Matching plan text to HTML content

Question

I need to perform matching between plant text to HTML content and once matched found, I need to extract the matched HTML contents (without changing the HTML content As I need the exactly same HTML content) , I am able to match in many scenarios using java regex utility but it is failing in below scenarios.

Below is the sample code I am using to match Text with HTML String

public static void main(String[] args) {

    String text = "A crusader for the rights of the weaker sections of the Association&#39;s (ADA&#39;s),choice as the presidential candidate is being seen as a political masterstroke.";
    String regex = "A crusader for the rights of the weaker sections of the Association's (ADA's) ".replaceAll(" ", ".*");

    Pattern pattern = Pattern.compile(regex);
    Matcher matcher = pattern.matcher(text);
    // Check all occurrences
    while (matcher.find()) {

        System.out.print("Start index: " + matcher.start());
        System.out.print(" End index: " + matcher.end());
        System.out.println(" Found: " + matcher.group());

    }
}

Below the edge cases are getting failed

Case 1:

Source Text: = "A crusader for the rights of the weaker sections of the Association's (ADA's),choice as the presidential candidate is being seen as a political masterstroke.";

Text to match = "A crusader for the rights of the weaker sections of the Association's (ADA's)"

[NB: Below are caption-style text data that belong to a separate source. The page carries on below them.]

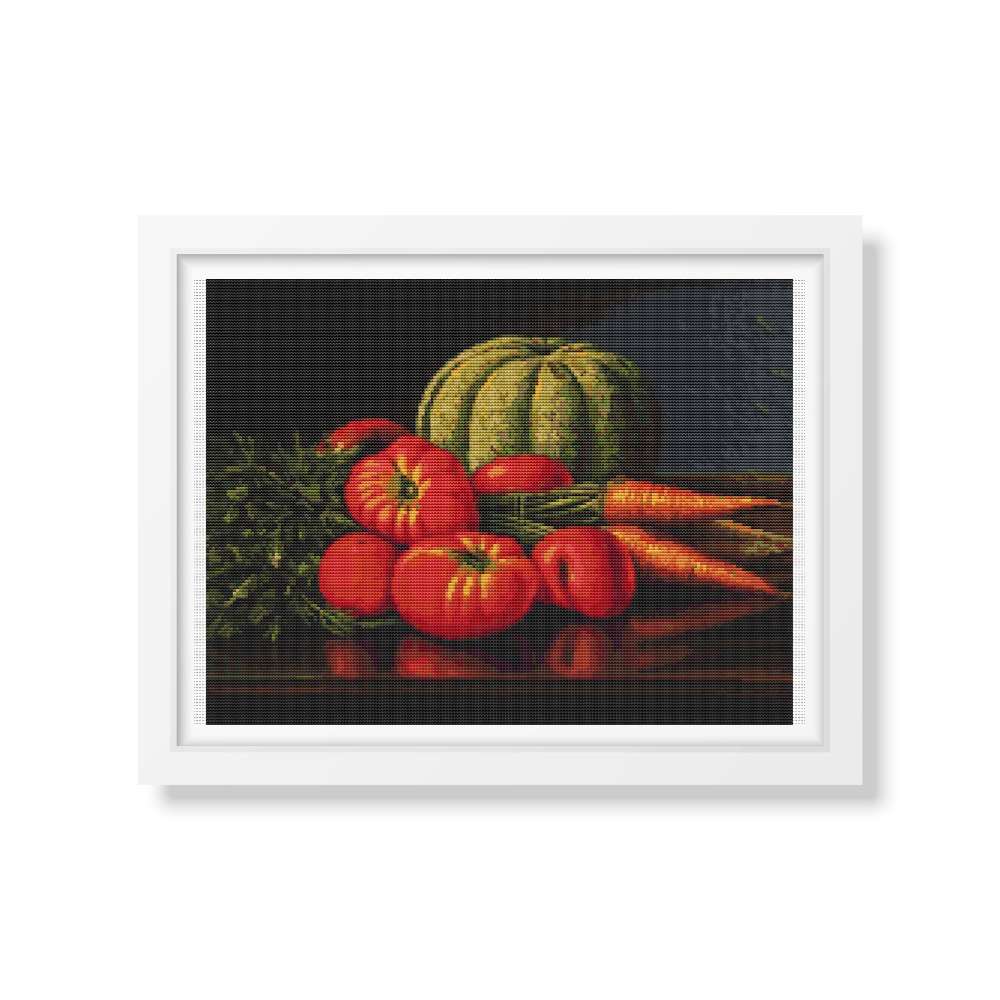 Still Life with Cantaloupe, Tomatoes, and Carrots Counted Cross Stitch Kit Levi Wells Prentice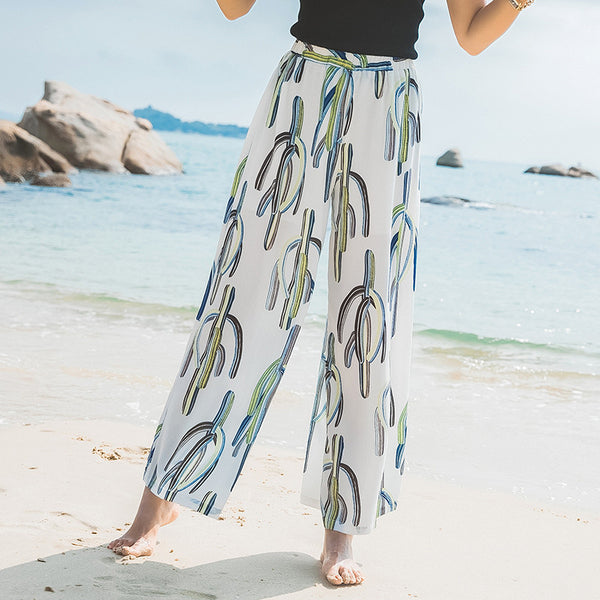 Wide-leg Cactus Print Pants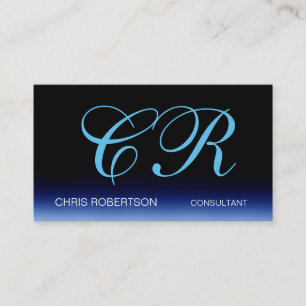 Blue Black Stylish Monogram Business Card Visitenkarte
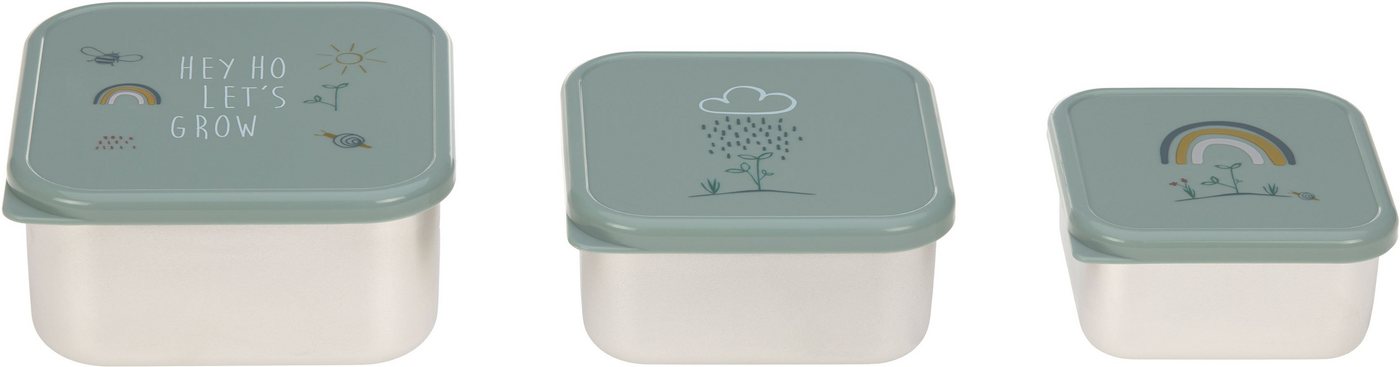 LÄSSIG Lunchbox Garden Explorer, green, Edelstahl, Polyprophylen (PP), (Set, 3-tlg) – Bild 2 von 5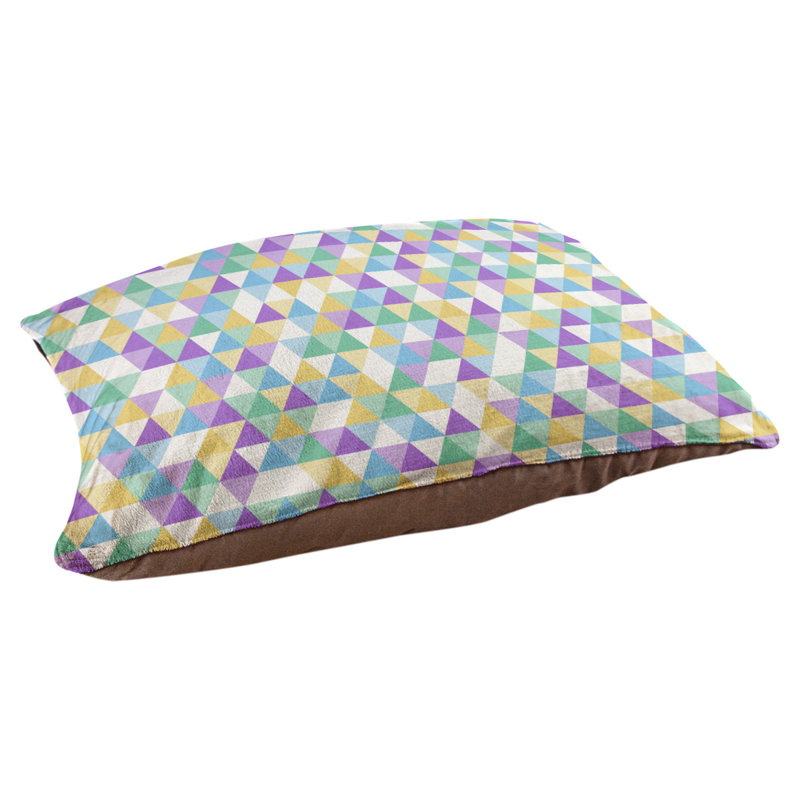 Coussin d’extérieur triangle Campion, Très grand (l 52 po x P 42 po x H 17 po), Bleu / Mauve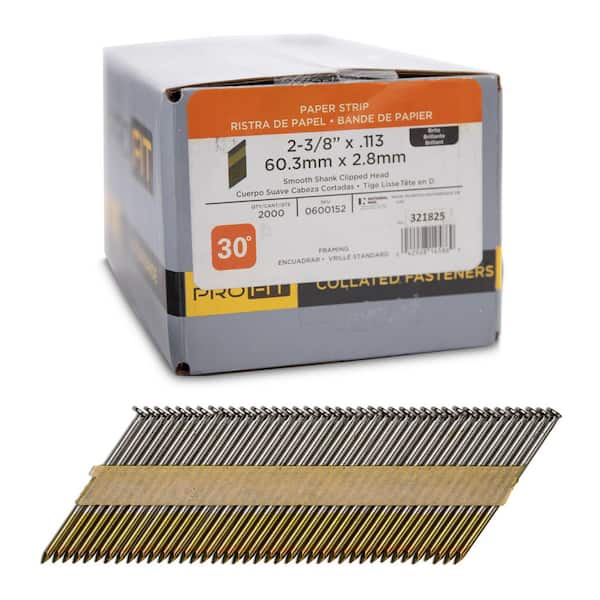 2-3/8 in. x 0.113 30 ° Bright Finish Smooth Shank Paper Tape Framing Nails (2000-Per Box)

Expected output: “A crusader for the rights of the weaker sections of the Association's (ADA's)”

Case 2:

Source Text:

“<ul>
   <li>Lorem ipsum dolor sit amet, consectetuer adipiscing elit.</li>
   <li>Aliquam tincidunt mauris eu risus.</li>
   <li>Vestibulum auctor dapibus neque.</li>
see (<a href=\"https://www.webpagefx.com/web-design/html-ipsum/">HTML Content Sample </a>.)
</ul>”

Text to match: “see (HTML Content Sample.)”

Expected output: “see (<a href=\"https://www.webpagefx.com/web-design/html-ipsum/">HTML Content Sample </a>.)”

Case 3: Source Text: = "Initial history includes the following:</p>\n<p>Documentation of <li>Aliquam tincidunt mauris eu risus.</li>"

Text to match = "Initial history includes the following: Documentation of"

Expected output from matching:”Initial history includes the following :</p>\n<p>Documentation of”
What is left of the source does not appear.